Of course if you do get a publishing deal, guess what you get to do then. Revise. Again. Except now, you're revising to their standards and you get an infinitesimal cut of the profits because after all, you and your book aren't making them money, it's their ad department marketing your book that's making them money.
The answer to many of these problems is getting self-published, or it would be, if not for the fact that you still need an editor to make sure your product doesn't suck, and either way you have to trust some asshole you don't know not to shit all over, alter completely, or steal your book. Copyrights, copyrights, copyrights.
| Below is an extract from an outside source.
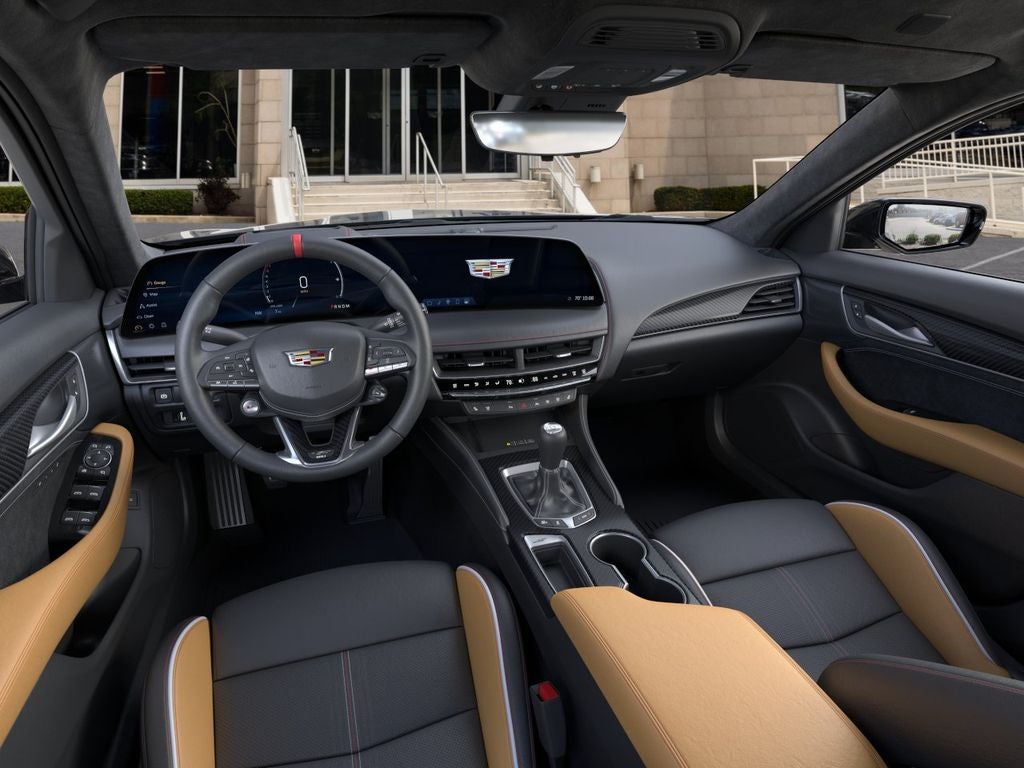 2026 Cadillac CT5 V-Series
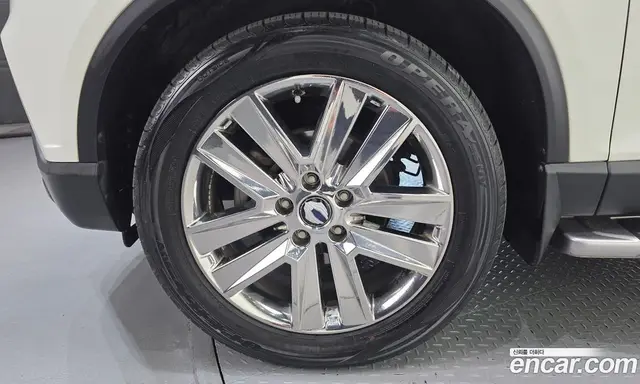 SsangYong Rexton 2019 2.2 автомат (гидро), миниатюра 5 SsangYong Rexton 2019 2.2 автомат (гидро), миниатюра 5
And without a publishing house designing your book and layout free of expense on the assumption that you will earn your costs back, self-publishing requires you to foot the bill for all of these things with even less guarantee that your final product will turn any profit.
But since the alternative is getting a real career, I'll sign off here and go back to my impossibly infuriating story, plod through a few more pages of revision, feel inadequate, and do the same thing all over again tomorrow. And again and again and again until such a time as I'm finally published or I get run over by a bus. Whichever happens first. Because what else can I do? It's my dream; my beleaguering, burdensome, unremitting dream. Cold triumphs and warm, lingering failures. I'll take it though, and I'll bitch and whine but I'll never want it any different, because at least I'll never have to know the aimless drifting purgatory of not having a dream.
Because that just sounds like a nightmare.